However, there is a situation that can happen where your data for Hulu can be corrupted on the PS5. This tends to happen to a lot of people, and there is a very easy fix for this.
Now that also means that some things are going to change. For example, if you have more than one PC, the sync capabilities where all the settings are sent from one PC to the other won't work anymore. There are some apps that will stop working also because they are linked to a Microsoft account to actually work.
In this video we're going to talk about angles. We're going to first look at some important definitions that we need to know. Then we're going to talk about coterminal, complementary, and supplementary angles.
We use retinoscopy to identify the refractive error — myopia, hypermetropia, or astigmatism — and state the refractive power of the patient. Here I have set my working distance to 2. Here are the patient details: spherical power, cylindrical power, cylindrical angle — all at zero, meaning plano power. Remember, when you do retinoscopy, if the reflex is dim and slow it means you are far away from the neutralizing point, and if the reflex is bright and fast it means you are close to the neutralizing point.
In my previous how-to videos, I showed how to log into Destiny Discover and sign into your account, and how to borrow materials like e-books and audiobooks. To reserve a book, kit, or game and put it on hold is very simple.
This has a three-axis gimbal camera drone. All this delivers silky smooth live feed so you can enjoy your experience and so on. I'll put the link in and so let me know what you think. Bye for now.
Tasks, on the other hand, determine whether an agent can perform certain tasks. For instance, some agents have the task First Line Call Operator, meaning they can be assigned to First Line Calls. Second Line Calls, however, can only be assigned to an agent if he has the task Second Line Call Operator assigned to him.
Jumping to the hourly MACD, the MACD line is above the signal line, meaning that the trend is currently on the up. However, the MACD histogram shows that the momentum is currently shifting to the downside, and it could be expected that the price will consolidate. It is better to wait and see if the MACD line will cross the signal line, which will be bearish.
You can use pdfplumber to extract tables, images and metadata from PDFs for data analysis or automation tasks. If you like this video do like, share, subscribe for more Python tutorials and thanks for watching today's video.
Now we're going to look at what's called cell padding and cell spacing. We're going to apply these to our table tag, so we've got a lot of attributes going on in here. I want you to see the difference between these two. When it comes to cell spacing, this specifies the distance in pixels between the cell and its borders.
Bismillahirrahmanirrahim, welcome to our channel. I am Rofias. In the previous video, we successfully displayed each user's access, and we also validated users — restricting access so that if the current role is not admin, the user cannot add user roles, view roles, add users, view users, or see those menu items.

TASK DIRECTIONS:
Only lines of the data holding the word "working" go in the answer. Please copy each of them.

TASK RESULT:
Now that also means that some things are going to change. For example, if you have more than one PC, the sync capabilities where all the settings are sent from one PC to the other won't work anymore. There are some apps that will stop working also because they are linked to a Microsoft account to actually work.
We use retinoscopy to identify the refractive error — myopia, hypermetropia, or astigmatism — and state the refractive power of the patient. Here I have set my working distance to 2. Here are the patient details: spherical power, cylindrical power, cylindrical angle — all at zero, meaning plano power. Remember, when you do retinoscopy, if the reflex is dim and slow it means you are far away from the neutralizing point, and if the reflex is bright and fast it means you are close to the neutralizing point.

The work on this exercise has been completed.